- Task requirements -
The listing below should be printed in full and exactly, apart from its images.

- Data excerpt -
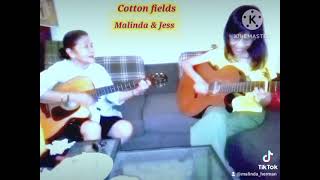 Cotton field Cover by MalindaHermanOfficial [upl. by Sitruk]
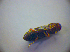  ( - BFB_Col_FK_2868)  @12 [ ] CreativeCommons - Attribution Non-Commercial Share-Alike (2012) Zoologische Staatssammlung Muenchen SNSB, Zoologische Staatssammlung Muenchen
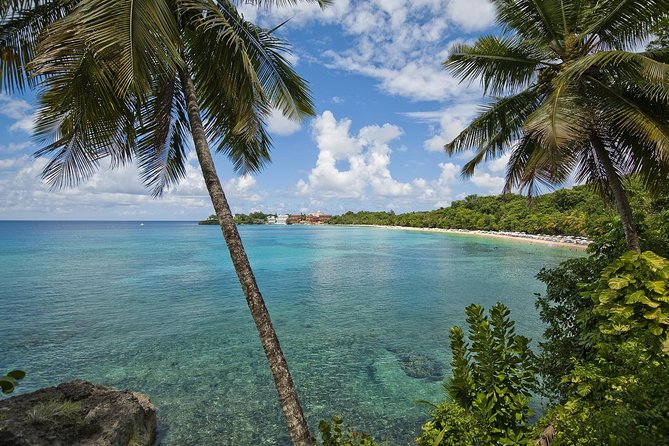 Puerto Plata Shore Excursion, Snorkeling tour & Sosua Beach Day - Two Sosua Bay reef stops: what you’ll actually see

- Answer area -
 Cotton field Cover by MalindaHermanOfficial [upl. by Sitruk]
  ( - BFB_Col_FK_2868)  @12 [ ] CreativeCommons - Attribution Non-Commercial Share-Alike (2012) Zoologische Staatssammlung Muenchen SNSB, Zoologische Staatssammlung Muenchen
 Puerto Plata Shore Excursion, Snorkeling tour & Sosua Beach Day - Two Sosua Bay reef stops: what you’ll actually see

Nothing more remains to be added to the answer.